Lebowitz v. Lebowitz

403 S.W.2d 871, 1966 Tex. App. LEXIS 2139
CourtCourt of Appeals of Texas
DecidedMay 26, 1966
Docket199
StatusPublished
Cited by2 cases

This text of 403 S.W.2d 871 (Lebowitz v. Lebowitz) is published on Counsel Stack Legal Research, covering Court of Appeals of Texas primary law. Counsel Stack provides free access to over 12 million legal documents including statutes, case law, regulations, and constitutions.

Bluebook
Lebowitz v. Lebowitz, 403 S.W.2d 871, 1966 Tex. App. LEXIS 2139 (Tex. Ct.
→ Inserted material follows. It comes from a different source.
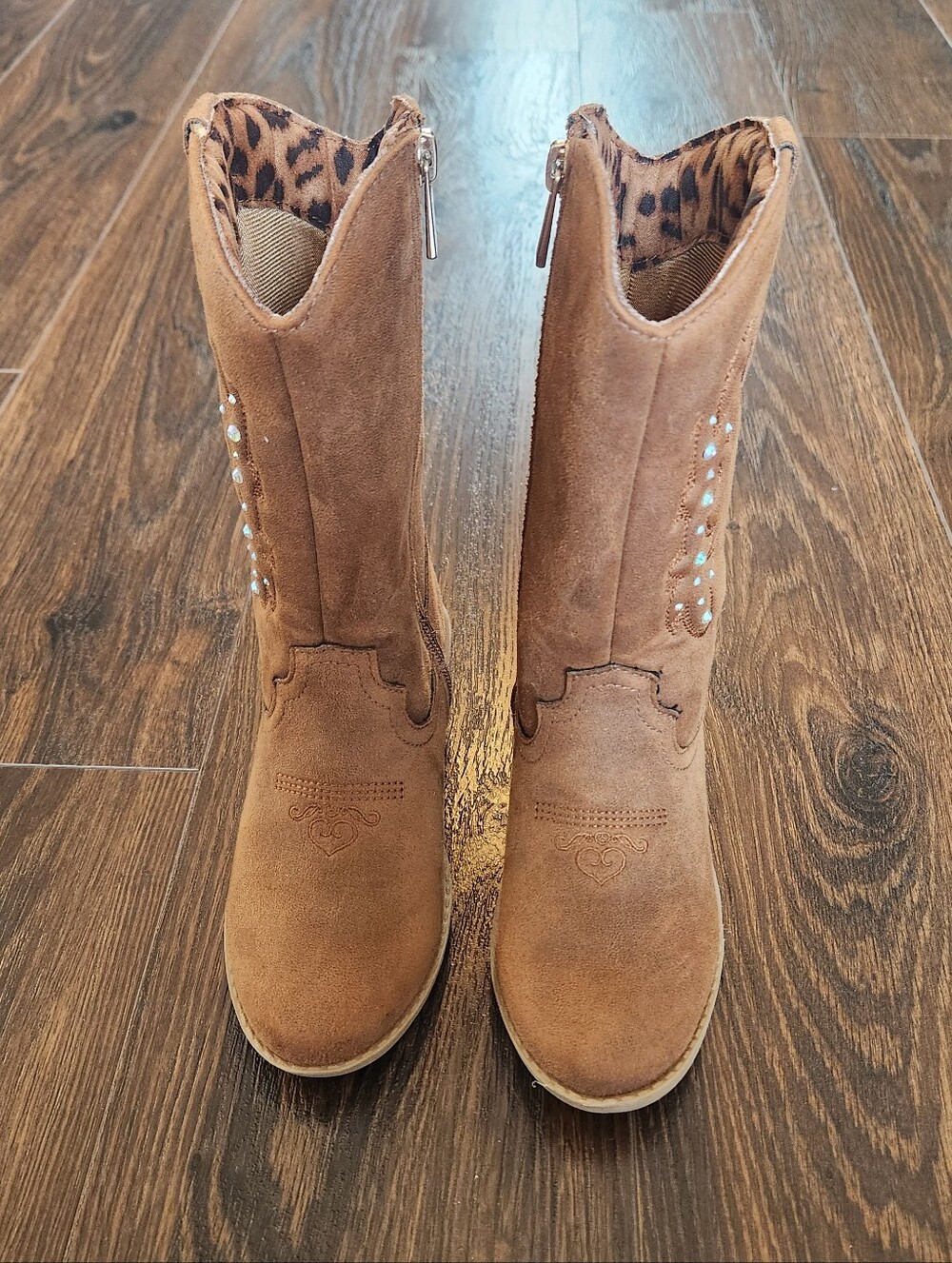 Girls Tan Suede Mid-Calf Western Boots with Stud Detail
App. 1966).

Opinion

OPINION

GREEN, Chief Justice.

This appeal from a jury trial concerns the inclusion in the trial court’s judgment on one sentence reading as follows:

“It is further ordered, adjudged and decreed by the Court that the residence of Dana Jean and Dwight Marshall Lebo-witz shall not be changed from Nueces *873 County, Texas, and that such children shall not be permanently removed from such county and state, subject to further order of this Court;”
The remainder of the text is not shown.